TMC Board Statement on UPMC and its Charity Status

Statement Adopted at TMC April 2013 Board Meeting

“The Thomas Merton Center supports the City of Pittsburgh challenge to UPMC’s non-profit/”charity” tax-exempt status. UPMC has for far too long acted more like a profit-seeking corporation than a public charity, failing to meet the criteria for their tax-exempt status by placing profits above the needs our communities, their workers and their patients.

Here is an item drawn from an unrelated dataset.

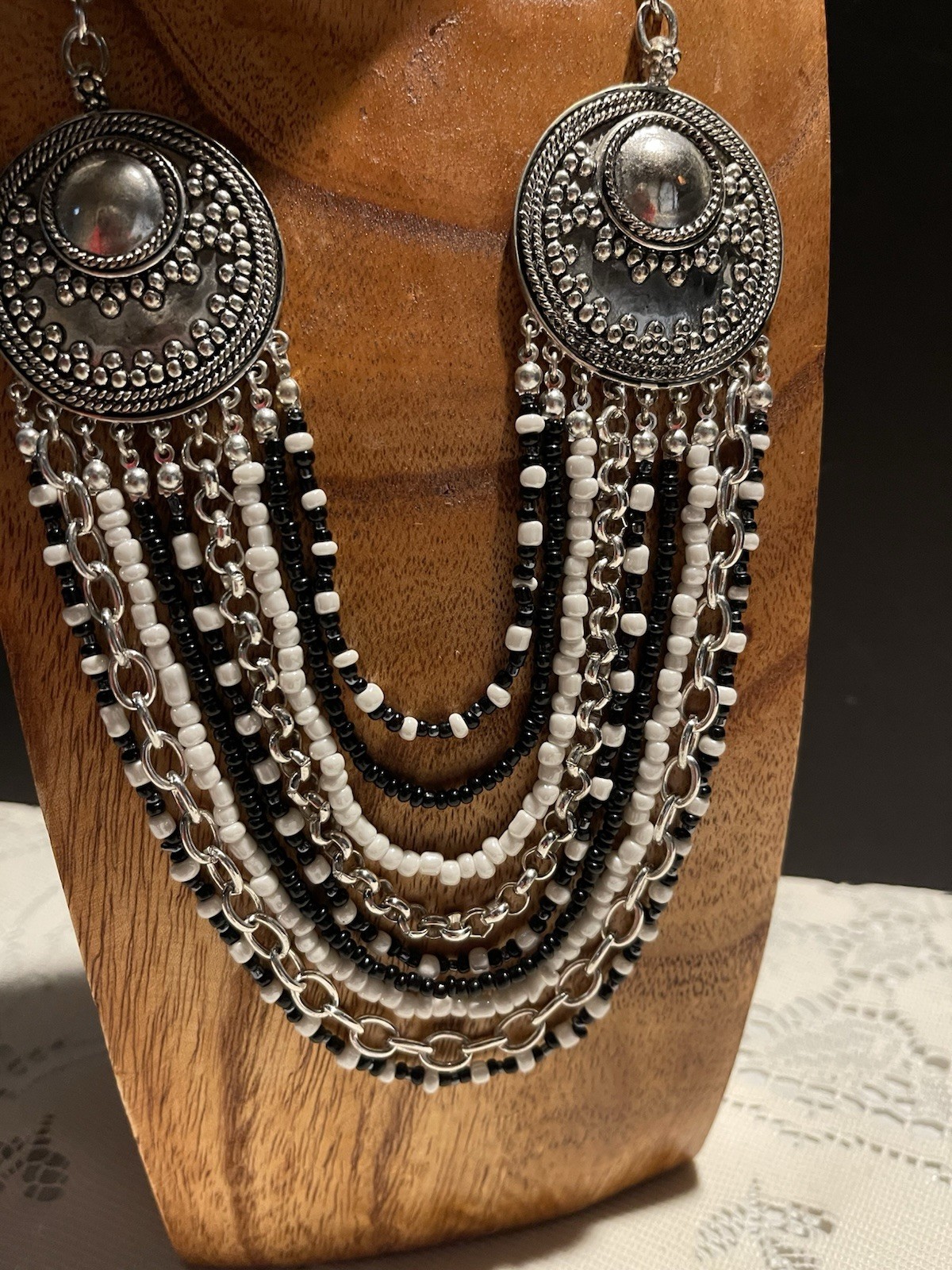 VTG Large Medallions Strand W / Multi Strand Beads Of Black White And Silver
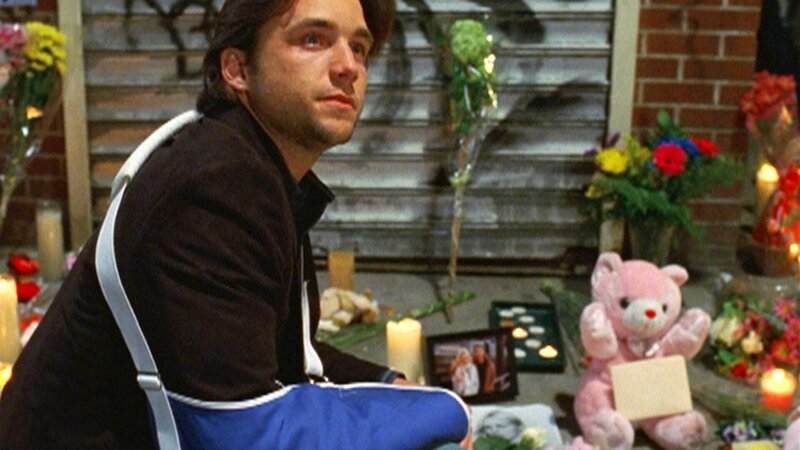 In den Blitzlichtern der Presse hält Schauspieler Mike (Jeff Hephner) eine ergreifende Rede. Genau an dieser Straßenecke wurde erst vor kurzem seine Freundin erschossen. – Bild: MG RTL D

One of the most egregious examples of UPMC’s craven profit-grabbing at the expense of potential patients is UPMC’s closing of Braddock Hospital, a hospital in a community in need of more access to healthcare, not less. At the same time, UPMC spent hundreds of millions of dollars to open a new hospital –virtually across the street from a “competitor”–in an affluent community that could never be described as lacking access to healthcare facilities. It now takes residents of Braddock an hour to reach the nearest hospital by public transit.

In 2011 alone, UPMC benefited from over $200 million in tax breaks, while paying its CEO Jeffery Romoff nearly $6 million dollars and 22 other employees more than one million dollars. If those tax dollars had been paid by UPMC, the deficits of both the Port Authority and the Pittsburgh Public Schools could have been eliminated… and there would still be $72 million remaining to further strengthen our community.

With 55,000 employees, UPMC is the biggest private employer in Pennsylvania, yet many UPMC workers depend on public assistance to survive because they are not paid living wages. UPMC is the largest real-estate owner in Allegheny County and made $1 billion in profit in the last two years, with $3.9 billion in reserve funds according to their own first fiscal report for 2013. Yet UPMC has spent hundreds of thousands of advertising dollars representing itself as a charity to avoid paying real estate or payroll taxes… all while building hospitals from Ireland to Kazakhstan!

UPMC is profiting from citizens’ needs while violating the labor rights of its employees and failing to contribute its fair share towards public infrastructure–infrastructure that includes the buses that transport so many UPMC employees to work at its facilities. If UPMC is going to retain its “charity” status, then we need UPMC to step up and give back more to our community. The Thomas Merton Center calls on our elected officials to stand strong and hold UPMC accountable.”